What you are asked to do
Below are records; quote them exactly from the first line through the line that contains "Oğlu tarafından dolandırıldı".

---------- Provided data

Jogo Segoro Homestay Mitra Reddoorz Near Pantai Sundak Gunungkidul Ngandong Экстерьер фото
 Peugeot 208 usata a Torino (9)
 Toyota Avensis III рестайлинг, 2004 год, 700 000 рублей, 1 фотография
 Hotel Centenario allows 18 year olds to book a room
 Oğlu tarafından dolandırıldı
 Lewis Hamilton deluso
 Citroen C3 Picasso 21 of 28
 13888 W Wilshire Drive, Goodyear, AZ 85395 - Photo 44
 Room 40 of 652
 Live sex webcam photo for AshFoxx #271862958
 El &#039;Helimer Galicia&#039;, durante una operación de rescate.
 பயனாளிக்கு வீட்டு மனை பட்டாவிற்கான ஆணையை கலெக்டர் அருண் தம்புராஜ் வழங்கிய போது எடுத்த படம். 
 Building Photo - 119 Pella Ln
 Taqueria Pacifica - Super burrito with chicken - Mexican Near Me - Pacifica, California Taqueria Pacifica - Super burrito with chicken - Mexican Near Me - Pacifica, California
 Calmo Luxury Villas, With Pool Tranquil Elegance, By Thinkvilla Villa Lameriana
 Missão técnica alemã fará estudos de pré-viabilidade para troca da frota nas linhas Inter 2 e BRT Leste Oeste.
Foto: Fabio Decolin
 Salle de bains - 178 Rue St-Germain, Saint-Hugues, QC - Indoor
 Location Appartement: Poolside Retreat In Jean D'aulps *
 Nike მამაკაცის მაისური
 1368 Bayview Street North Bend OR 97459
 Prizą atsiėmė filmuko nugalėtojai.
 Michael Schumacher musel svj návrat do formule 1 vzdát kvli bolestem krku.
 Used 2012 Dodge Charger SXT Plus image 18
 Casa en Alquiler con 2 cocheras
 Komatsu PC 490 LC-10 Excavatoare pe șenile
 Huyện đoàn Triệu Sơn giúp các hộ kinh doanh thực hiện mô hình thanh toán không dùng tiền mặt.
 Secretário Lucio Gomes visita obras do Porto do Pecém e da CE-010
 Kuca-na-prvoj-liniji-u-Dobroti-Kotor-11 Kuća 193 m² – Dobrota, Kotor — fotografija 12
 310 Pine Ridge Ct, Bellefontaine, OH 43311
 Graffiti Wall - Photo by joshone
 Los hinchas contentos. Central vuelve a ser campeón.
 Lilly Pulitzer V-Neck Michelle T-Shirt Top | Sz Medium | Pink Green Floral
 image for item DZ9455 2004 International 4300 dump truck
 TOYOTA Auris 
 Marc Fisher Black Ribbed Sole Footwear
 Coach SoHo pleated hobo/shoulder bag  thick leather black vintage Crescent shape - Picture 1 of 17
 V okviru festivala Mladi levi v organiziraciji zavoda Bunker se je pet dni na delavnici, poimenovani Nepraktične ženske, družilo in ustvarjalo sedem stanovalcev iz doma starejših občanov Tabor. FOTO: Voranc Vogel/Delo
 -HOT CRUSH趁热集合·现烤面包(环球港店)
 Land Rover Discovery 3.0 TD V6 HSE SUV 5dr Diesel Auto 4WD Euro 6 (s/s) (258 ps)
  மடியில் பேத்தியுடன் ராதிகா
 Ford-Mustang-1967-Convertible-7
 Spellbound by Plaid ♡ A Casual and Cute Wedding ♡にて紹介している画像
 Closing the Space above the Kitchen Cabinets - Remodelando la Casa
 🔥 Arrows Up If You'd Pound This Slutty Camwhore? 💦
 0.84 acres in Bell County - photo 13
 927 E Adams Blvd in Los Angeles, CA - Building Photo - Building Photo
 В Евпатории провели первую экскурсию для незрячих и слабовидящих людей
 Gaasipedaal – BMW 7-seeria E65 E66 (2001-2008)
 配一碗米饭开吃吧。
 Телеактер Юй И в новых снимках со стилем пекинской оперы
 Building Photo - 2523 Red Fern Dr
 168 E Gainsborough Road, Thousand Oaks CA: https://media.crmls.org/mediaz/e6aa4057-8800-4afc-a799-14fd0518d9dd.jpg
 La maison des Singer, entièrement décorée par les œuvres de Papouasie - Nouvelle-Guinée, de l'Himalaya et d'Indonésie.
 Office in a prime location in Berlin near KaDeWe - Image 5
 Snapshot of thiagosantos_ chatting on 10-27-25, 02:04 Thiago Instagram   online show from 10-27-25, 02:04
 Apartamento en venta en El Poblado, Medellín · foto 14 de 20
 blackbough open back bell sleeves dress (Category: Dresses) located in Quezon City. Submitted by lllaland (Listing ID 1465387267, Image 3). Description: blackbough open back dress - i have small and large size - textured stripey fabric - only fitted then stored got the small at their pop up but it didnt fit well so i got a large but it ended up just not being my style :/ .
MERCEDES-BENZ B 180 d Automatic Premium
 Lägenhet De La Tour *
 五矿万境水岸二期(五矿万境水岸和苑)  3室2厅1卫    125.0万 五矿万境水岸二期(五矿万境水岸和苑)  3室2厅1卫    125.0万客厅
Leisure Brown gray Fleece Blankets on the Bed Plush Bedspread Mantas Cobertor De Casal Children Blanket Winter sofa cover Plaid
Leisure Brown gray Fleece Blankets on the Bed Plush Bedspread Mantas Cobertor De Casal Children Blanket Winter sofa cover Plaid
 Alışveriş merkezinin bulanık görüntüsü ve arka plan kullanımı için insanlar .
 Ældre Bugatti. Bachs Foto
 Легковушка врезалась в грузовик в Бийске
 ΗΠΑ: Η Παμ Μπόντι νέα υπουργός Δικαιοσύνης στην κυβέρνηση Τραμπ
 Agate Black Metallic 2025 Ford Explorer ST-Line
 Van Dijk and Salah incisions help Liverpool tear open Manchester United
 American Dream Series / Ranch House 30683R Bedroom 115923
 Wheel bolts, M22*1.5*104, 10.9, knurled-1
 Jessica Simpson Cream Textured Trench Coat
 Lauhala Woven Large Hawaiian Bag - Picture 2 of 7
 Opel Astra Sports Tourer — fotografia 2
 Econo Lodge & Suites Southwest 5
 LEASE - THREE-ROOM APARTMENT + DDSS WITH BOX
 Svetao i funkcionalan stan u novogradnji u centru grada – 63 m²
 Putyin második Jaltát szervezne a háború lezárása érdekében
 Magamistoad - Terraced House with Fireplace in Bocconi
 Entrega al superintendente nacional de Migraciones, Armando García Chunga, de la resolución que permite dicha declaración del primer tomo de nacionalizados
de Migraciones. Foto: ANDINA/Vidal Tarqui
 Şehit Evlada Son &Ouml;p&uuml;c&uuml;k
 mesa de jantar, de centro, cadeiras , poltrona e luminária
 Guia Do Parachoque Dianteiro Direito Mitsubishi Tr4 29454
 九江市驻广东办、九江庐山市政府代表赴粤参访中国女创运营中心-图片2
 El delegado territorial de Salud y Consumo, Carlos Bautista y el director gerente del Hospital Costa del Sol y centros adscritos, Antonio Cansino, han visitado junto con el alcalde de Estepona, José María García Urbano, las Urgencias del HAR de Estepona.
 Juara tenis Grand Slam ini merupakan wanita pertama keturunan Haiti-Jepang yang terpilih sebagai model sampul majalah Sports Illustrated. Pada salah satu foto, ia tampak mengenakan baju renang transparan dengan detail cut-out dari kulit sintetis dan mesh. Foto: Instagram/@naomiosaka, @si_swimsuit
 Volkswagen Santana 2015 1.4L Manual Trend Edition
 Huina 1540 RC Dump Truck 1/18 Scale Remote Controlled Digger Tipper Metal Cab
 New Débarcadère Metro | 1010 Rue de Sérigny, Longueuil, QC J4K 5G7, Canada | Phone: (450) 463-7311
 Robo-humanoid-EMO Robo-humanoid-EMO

--------------------

Answer box
Jogo Segoro Homestay Mitra Reddoorz Near Pantai Sundak Gunungkidul Ngandong Экстерьер фото
 Peugeot 208 usata a Torino (9)
 Toyota Avensis III рестайлинг, 2004 год, 700 000 рублей, 1 фотография
 Hotel Centenario allows 18 year olds to book a room
 Oğlu tarafından dolandırıldı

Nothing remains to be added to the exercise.